İnsanlara karşı iyi olması ise, halk nazarında değer ve itibarını düşürecek
davranışlardan, sözlerden kaçmasıyla gerçekleşir. Neticede bu da bir bakıma
Allah’a karşı iyi olmanın, kâmil mânada dindarlığın bir neticesidir. Zira
dinimiz güzel ahlâka, ma’rufa, (âyet ve hadiste yer almamış olsa bile imamlarca
güzel sayılmış örfler, âdetler vs.) uymayı da emretmiştir.
Öyle ise adalet, râvî’nin dînî-insânî yönlerini
ifâde eder, mânevî değerini ortaya koyar.
Adalet’in bir râvîde hakîkî mânâda sübût
bulması, adaleti teşkîl eden sıfatların onda görülmesine ve bunun şehâdeti
makbûl kimselerce te’yîd edilmesine bağlıdır.

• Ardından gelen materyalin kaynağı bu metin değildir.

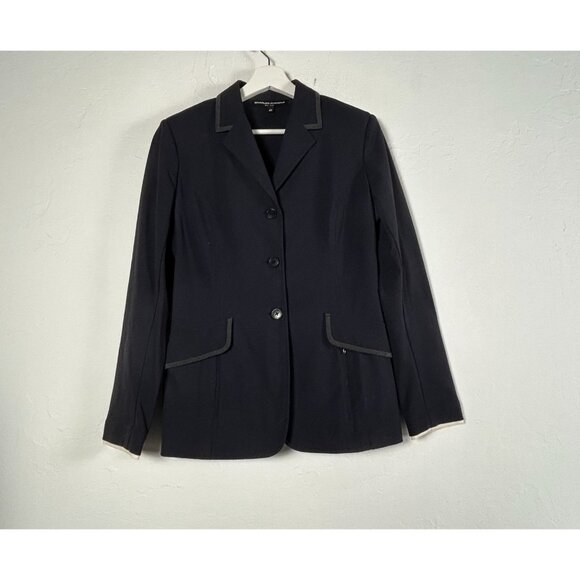 Charles Ancona Womens Equestrian Blazer Jacket Size 10 Navy Blue Italian Fabric - Picture 1 of 15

Hakkında arh vâkî olmayan kimse mecrûh değilse
de, adâlet’i de kesin değildir. Böyle bir kimse için iki hâl söz konusudur.
1-
Hakkında ta’dîl gelmemiştir: Bu durumda zâhiren adl’dir. Amma bâtınî adaleti
bilinmediği için adaletini selbedici kizb, gaflet, fısk vs. zannından uzak
değildir. Bu durumdaki kimseye, az ileride tekrar ele alacağımız üzere mesturu’l-adâle
dendiği gibi, kısaca mestûr ve hattâ “mechûlü’l-Adâle bâtınen” de denmiştir.
Hakkında tâ’dîl gelmediği halde zâhırî adâlete hükmedilmesi, berâet-i zimmet
asıldır düsturuna binaendir.
2-
Hakkında ta’dîl gelmiştir: Böyle bir râvîde bâtınî adâlet mevcut demektir.

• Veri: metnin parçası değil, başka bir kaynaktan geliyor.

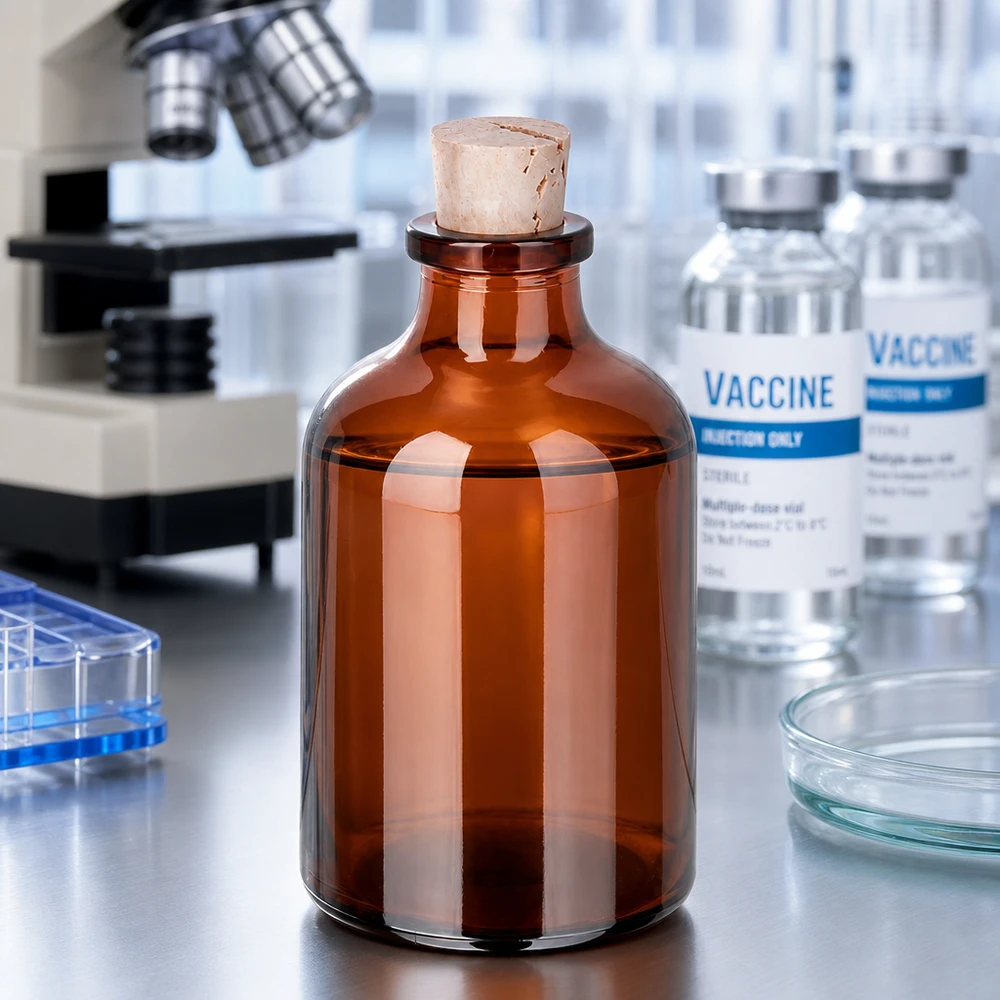 Flasche Braunglas 50ml mit Korken 11/14mm Braune Vorratsflasche 50ml Laborglas mit konischem Korkverschluss für Flüssigkeiten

Öyle ise bir râvîde gerçek mânâda adâlet’in
varlığı adâlet-i bâtına’nın varlığına bağlıdır. Bu ise dînin emirlerini fiîlen
yaşayıp, insanlar nazarında değerini düşürücü söz ve hareketlerden kaçınmayı
gerektirir. Bir kimse hakkında “adâlet sâhibidir” diye yapılacak şehâdet onun bu
fiilî yaşayışına bağlıdır.[2]
Adalet, ravinin adil olmasını gerektiren bir
sıfattır. Ravinin güvenilir kabul edilebilmesi için aranan bu adalet şartı,
zulmün zıt anlamlısı değil; şirk, fısk ve bid’at gibi bütün büyük ve küçük
günahlardan sakınmak ve takva sahibi, samimi bir müslüman olmak anlamındadır. Bu
vasıfları taşıyan kimselere hadis ıstılahında “adl” (âdil) denilmektedir.
Adalet, kişinin takva ve murüet sahibi olduğuna delil olan bir melekedir. Takva;
Allah’ın emirlerini yerine getirmek, yasaklarından da kaçınmaktır. Bu da büyük
günah işlememek, küçük günahlarda ısrar etmemek ve bid’atlardan uzak olmakla
meydana gelir. Murüet ise; riayet edildiğinde insanı güzel ahlak ve adalet
sahibi kılan edep kurallarıdır. Murüeti iki şey ortadan kaldırır: a)
İnsanı aşağılayan küçük günahlar; basit ve küçük bir şeyi çalmak gibi. b)
İnsanın onurunu düşüren ve onun şerefine halel getiren bazı mübah hareketler;
yolda bevletmek, edebi aşacak tarzda şaka yapmak. Bu tür şeyler daha çok örf ve
âdetlere dayanır.
[3]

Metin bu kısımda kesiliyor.